Quando um artista morre, o corpo da cidade perde um pedaço de si

Ontem, o corpo da cidade ficou menor.
Com a morte de Antônio Amaro, o Tonin, não perdemos só um ator, um diretor, um escritor. Perdemos uma dobra da história. Um rastro vivo de um tempo em que fazer arte era também erguer cidade — no gesto, na palavra, no grito, na gargalhada debochada da Irmã Elisa, que atravessou tantas vezes o palco para nos lembrar que o riso também pode ser resistência, já diria nosso eterno Paulo Gustavo.

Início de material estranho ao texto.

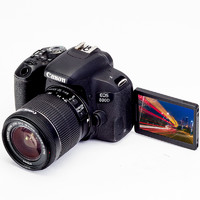 Canon 佳能 EOS 850D 单反相机 黑色 EF-S 18-55mm F3.5 IS STM 变焦镜头 单镜头套机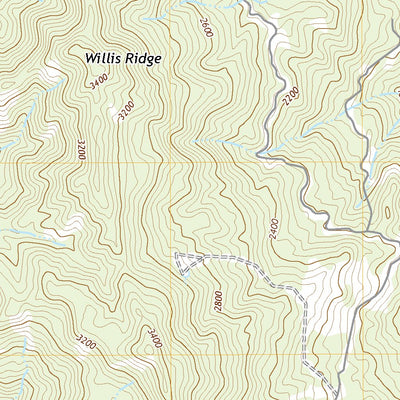 United States Geological Survey Willis Ridge, CA (2021, 24000-Scale) digital map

Trabalhei com Tonin, em um espetáculo do Grupo Ribalta, ele na direção, eu na preparação corporal e numa participação como ator e bailarino. Depois, nas Santinhas do Pau Oco, onde ele fez do palco seu altar e da cena uma travessura sagrada. Tonin era daqueles que davam corpo à ideia de que teatro se faz com tudo: com o que se tem, com o que falta, com o que se inventa.
Mas o que mais me marca é que Tonin era um forjador de afetos. De apelidos. Reinventava a gente como quem dá novos nomes ao mundo.
Para ele, eu era Coreldraw — porque era coreógrafo.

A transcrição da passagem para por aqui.